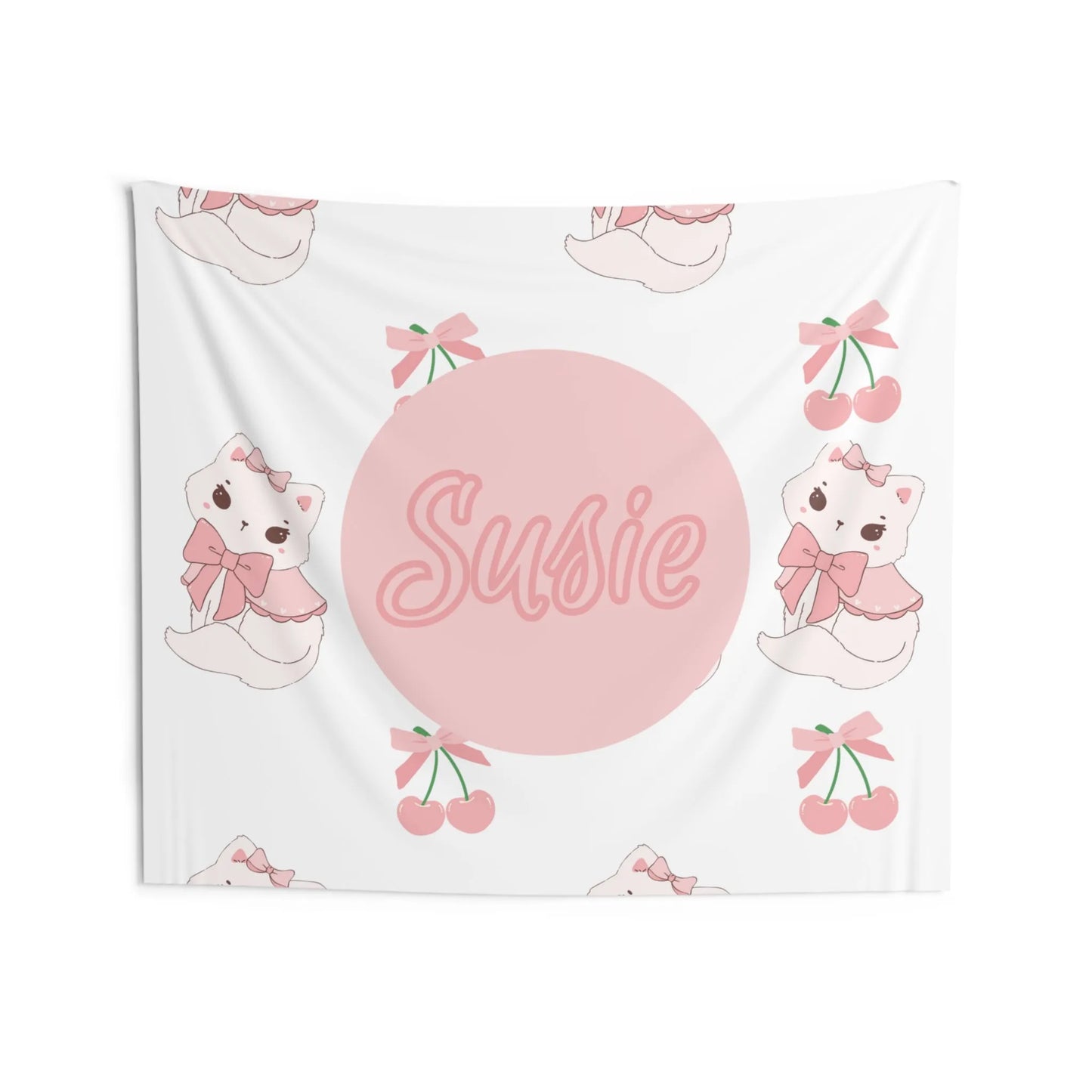 Coquette Kittens & Cherries Custom Name Wall Tapestry - Coquette Aesthetic Wall Banner - Custom Coquette Tapestry - Pink Coquette Home Decor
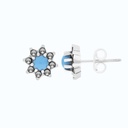 Sterling Silver 925 Earring Embedded With Natural Processed Turquoise And Marcasite Stones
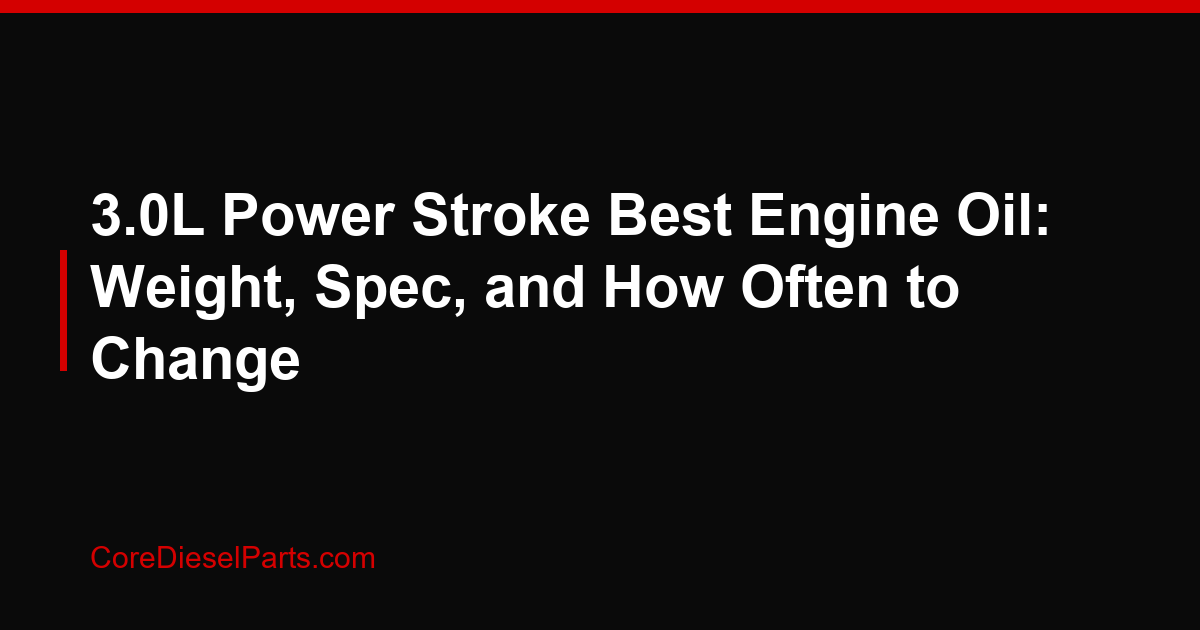 3.0L Power Stroke Best Engine Oil: Weight, Spec, and How Often to Change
════════════════════
■ **Exercise**: Once the pictures are set aside, repeat the data above exactly as written.

■ **Task answer**:
 Coquette Kittens & Cherries Custom Name Wall Tapestry - Coquette Aesthetic Wall Banner - Custom Coquette Tapestry - Pink Coquette Home Decor
 Sterling Silver 925 Earring Embedded With Natural Processed Turquoise And Marcasite Stones
 3.0L Power Stroke Best Engine Oil: Weight, Spec, and How Often to Change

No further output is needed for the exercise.